A novice stock market trader is often tempted to move the stop loss further up if he has shorted the stock or move the stop loss further down if he has gone long on the stock. This temptation is better avoided and it can lead to financial loss that may be unbearable. Let us understand with an example why it is a bad idea for a daily trader to keep moving the stop loss up or down and why it is a good strategy to stick to the stop loss strictly.
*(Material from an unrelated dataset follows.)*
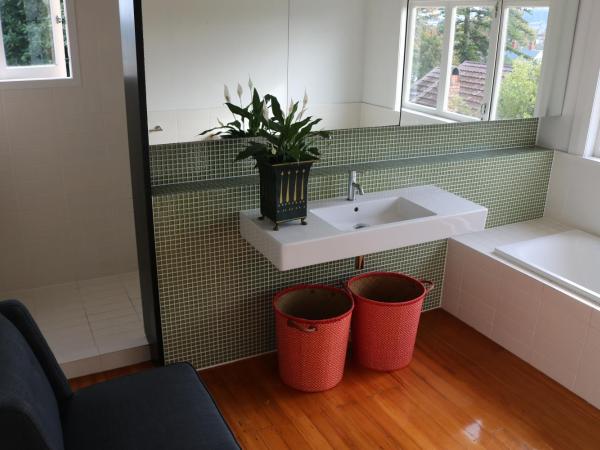 Nyima Tashi Buddhist Centre : photo 8 de la chambre suite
Ramesh, a day trader on the stock market, buys (takes a long position) 100 shares of company ABC at Rs 200 per share, expecting the price to go up to Rs 210 during the day. He places his stop loss at Rs 197, assuming that if the price declines from his purchase price of Rs 200, it would bounce back from the level of Rs197.50 and sets the target (book profit) price at Rs 210. Now, contrary to Ramesh’s expectation, instead of the price going up from Rs 200 to Rs 210, the price of ABC declines to Rs 197.20 At this point, Ramesh decides to move the stop loss further down to Rs 192 as he reckons that the price of ABC is likely to rebound from around the second demand zone at Rs 192.50-Rs 194 and, thereby, he would be able to avoid getting stopped out of the trade with a loss of Rs 300(i.e. Rs 3 per share). Now, the price of ABC further declines to Rs 192.20 and Ramesh panics. His notional loss on this trade has mounted to Rs780 (i.e. Rs7.80 per share). He decides to move his stop loss further down to Rs 187.5 as he finds yet another demand zone at Rs 188-190, but the stock price relentlessly breaches one demand zone after another and reaches Rs 188. The notional loss suffered by Ramesh on this trade has now mounted to Rs 1200 (i.e. Rs200 minus Rs 188 x 100). Now, he has two options, either to square off the trade and exit with a loss of Rs 1200 or to move his stop loss further down to yet another demand zone at the price level of, say, Rs 185 and look at the prospect of increasing his loss on this trade to Rs 1,500.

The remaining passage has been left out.